This double-blind, randomized controlled trial (IRCT20230917059446N1) was conducted at Ali Ebn Abi Talib Hospital, affiliated with the Zahedan University of Medical Sciences, Iran, and underwent ethical review and received approval (IR. ZAUMS.REC.1404.203). The study enrolled 327 preterm neonates to evaluate the efficacy of pharmacological interventions for PDA closure. Ethical approval and parental informed consent were obtained prior to enrollment.
Eligible neonates met the following criteria: gestational age (GA) < 37 weeks; birth weight (BW) < 2500 g; and echocardiographic confirmation of hemodynamically significant PDA (left atrium-to-aortic root (LA/Ao) ratio > 1.3 and ductal diameter > 1.5 mm). Exclusion criteria included congenital heart defects requiring ductus arteriosus patency (e.g., pulmonary atresia with intact ventricular septum); major chromosomal or congenital anomalies; maternal NSAID use during pregnancy; hydrops fetalis; and primary pulmonary hypertension. Preterm neonates with severe symptomatic PDA were also excluded because immediate treatment is considered standard care and randomization to a control group would not be ethically justified. Clinical contraindications included active necrotizing enterocolitis; intestinal perforation; liver dysfunction; thrombocytopenia (platelet count < 50,000/mm3); elevated serum creatinine (> 1.8 mg/dL); and hyperbilirubinemia requiring exchange transfusion.

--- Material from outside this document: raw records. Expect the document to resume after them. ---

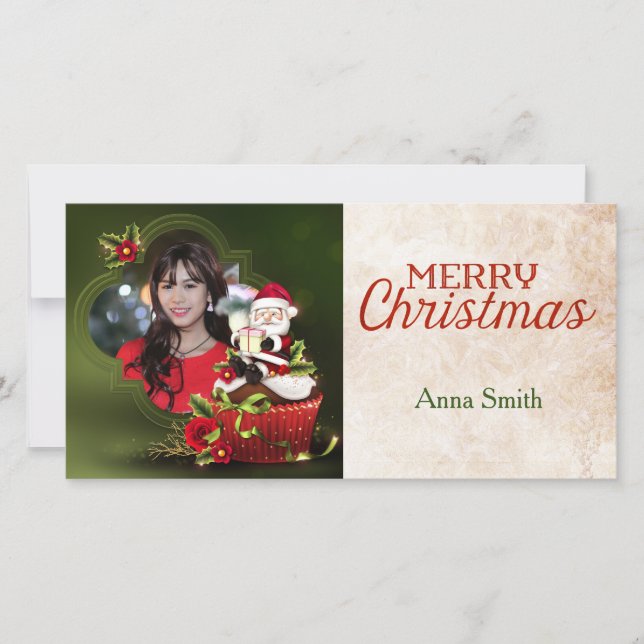Tarjeta de Navidades de fotos de Santa (Anverso)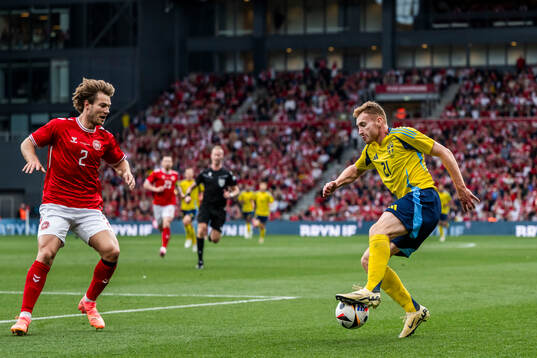 Joachim Andersen of Denmark and Dejan Kulusevski of Sweden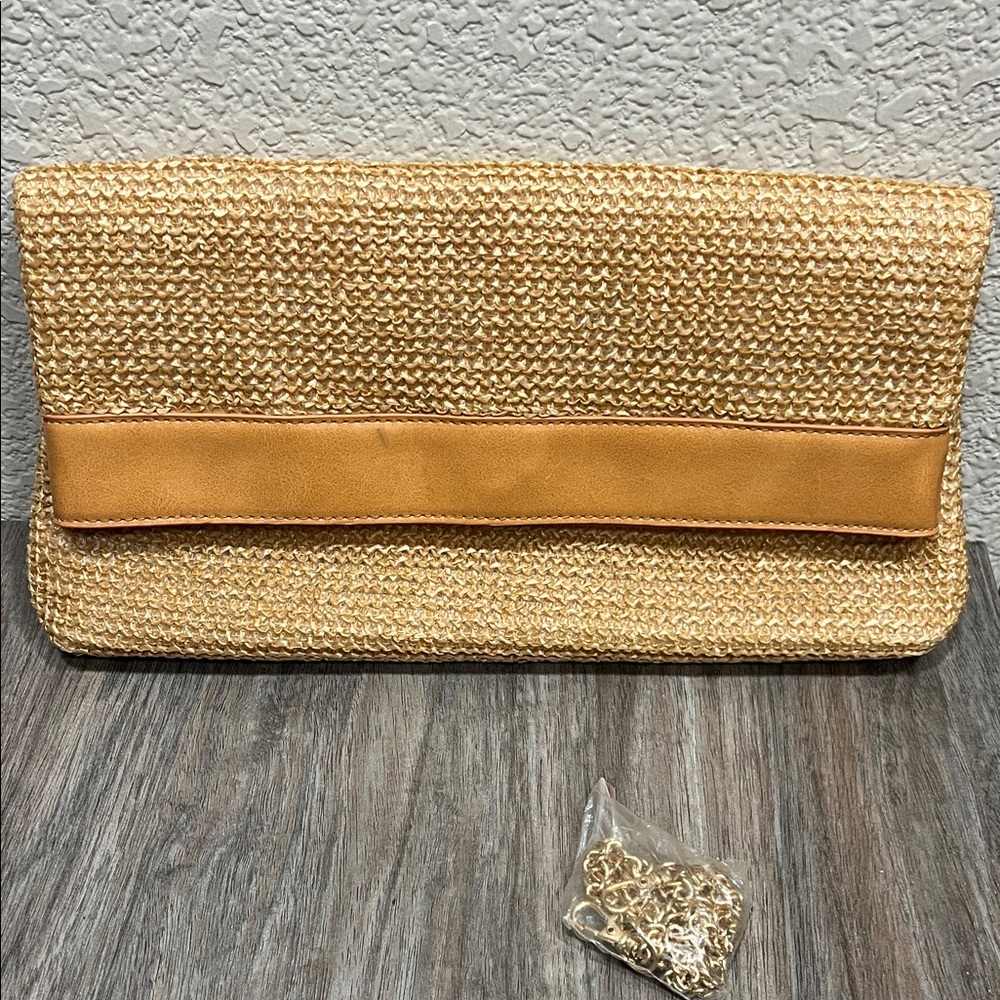 Elegant Tan and Gold Clutch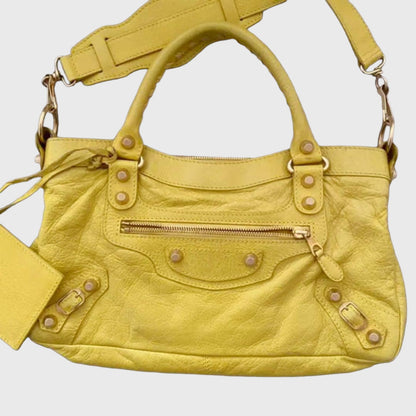 Vintage Gold Studs Yellow Leather Two Ways Bag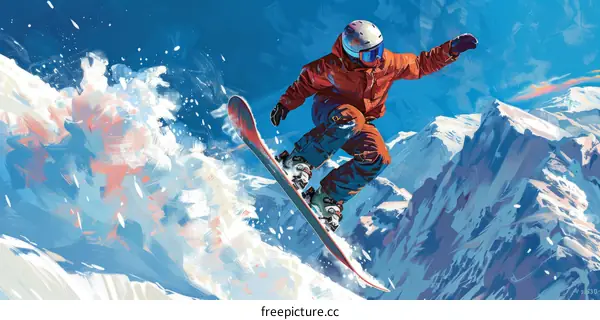 A snowboarder jumps over a snowy mountain, performing extreme winter sports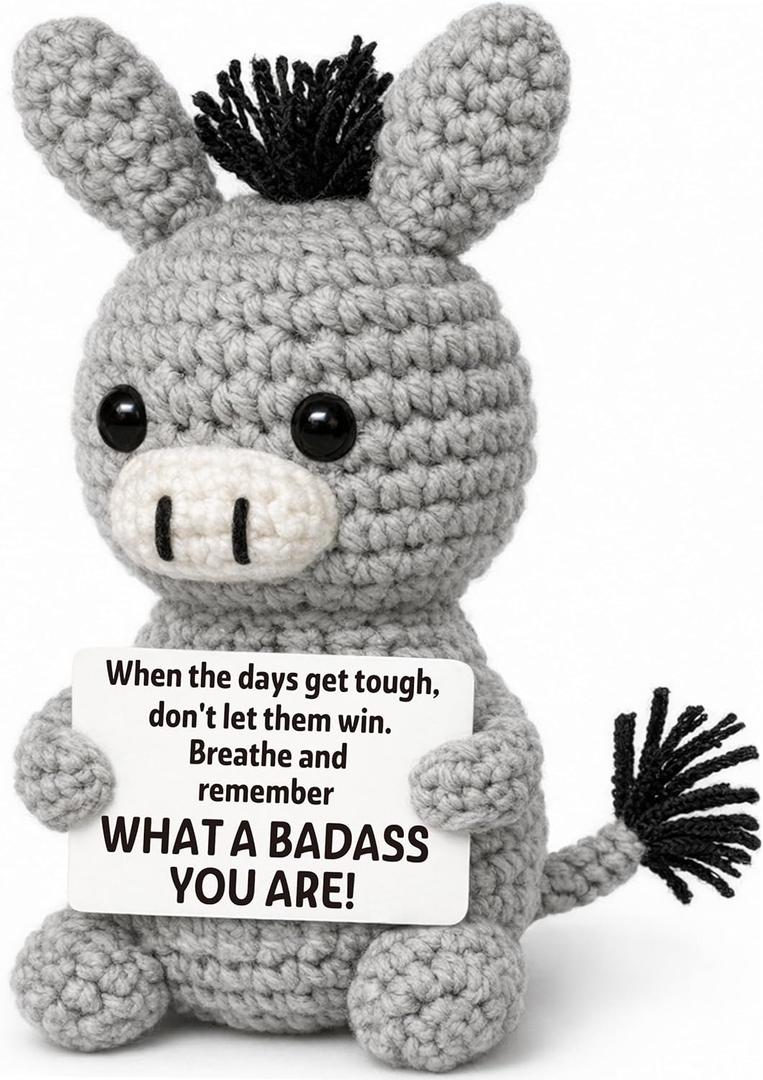 Funny Graduation Positive Badass Donkey Crochet Animals, Motivational Gift for Women Men Coworkers, Best Friends - Uplifting Support Small Mothers Day Holiday Basket Stuffer for Grandkids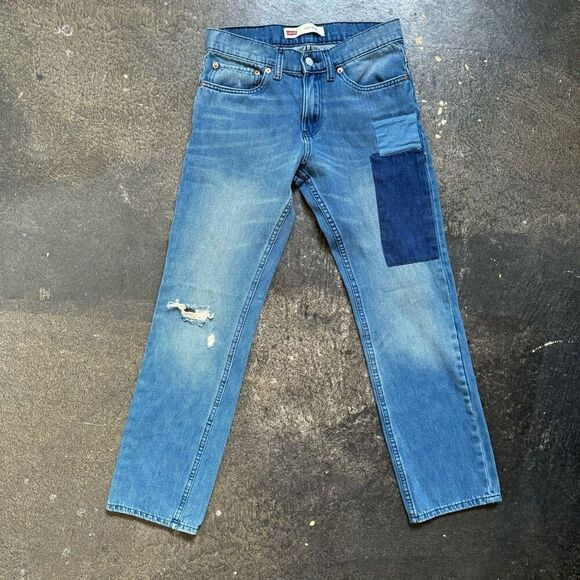 Levi’s Kids Youth Jeans Size 16 Regular 511 Slim Cotton Blend Patchwork Style - Picture 1 of 15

All control infants were clinically stable and managed according to a standardized expectant (watchful waiting) protocol, consistent with contemporary neonatal practice for hemodynamically non-severe PDA. Continuous clinical and echocardiographic monitoring ensured timely detection of deterioration, and predefined criteria triggered immediate pharmacologic rescue therapy. This approach guaranteed that no infant was denied appropriate treatment, thereby addressing ethical considerations associated with subjects’ inclusion in a conservatively managed control group; the number of infants requiring rescue therapy was also documented. The inclusion of healthy preterm neonates as a control group is ethically justified and scientifically necessary to distinguish spontaneous PDA closure from treatment effects. Control participants were exposed only to routine, non-invasive monitoring (clinical evaluation and echocardiography), ensuring minimal risk. Informed consent was obtained from parents or legal guardians, with the option to withdraw at any time without affecting standard care. Continuous monitoring and predefined rescue criteria ensured that any neonate showing signs of hemodynamic compromise received immediate pharmacological intervention, thus safeguarding participant safety. This design respects the principles of beneficence, non-maleficence, and clinical equipoise—aligning with international ethical guidelines—while also providing robust baseline data essential for evaluating the efficacy of pharmacological interventions in PDA management.
Randomization was performed using computer-generated block sequences. Though stratification by gestational age was not applied, baseline demographic and clinical characteristics were comparable among groups. Owing to differences in routes of administration, full double-blinding was not feasible; therefore, the study was conducted as a randomized trial with blinded outcome assessment and blinded data analysis.
Participants were stratified into three groups. Group A (IV acetaminophen) received 15 mg/kg/dose intravenously every six hours for three days, and non-responders were administered a second course of 60 mg/kg/day divided into four doses. Group B (oral ibuprofen) received a tapering regimen of 10-5-5 mg/kg/day orally for three days. Finally, group C (control) received standard care without pharmacological intervention, with anticipated spontaneous PDA closure.
A pediatric cardiologist performed echocardiography using a GE Vivid 3 ultrasound machine on day 3 post-birth and 24 hours post-treatment completion. Hemodynamically significant PDA was defined as LA/Ao ratio > 1.3 and ductal diameter > 1.5 mm. Treatment response was determined by confirming ductal closure via echocardiography.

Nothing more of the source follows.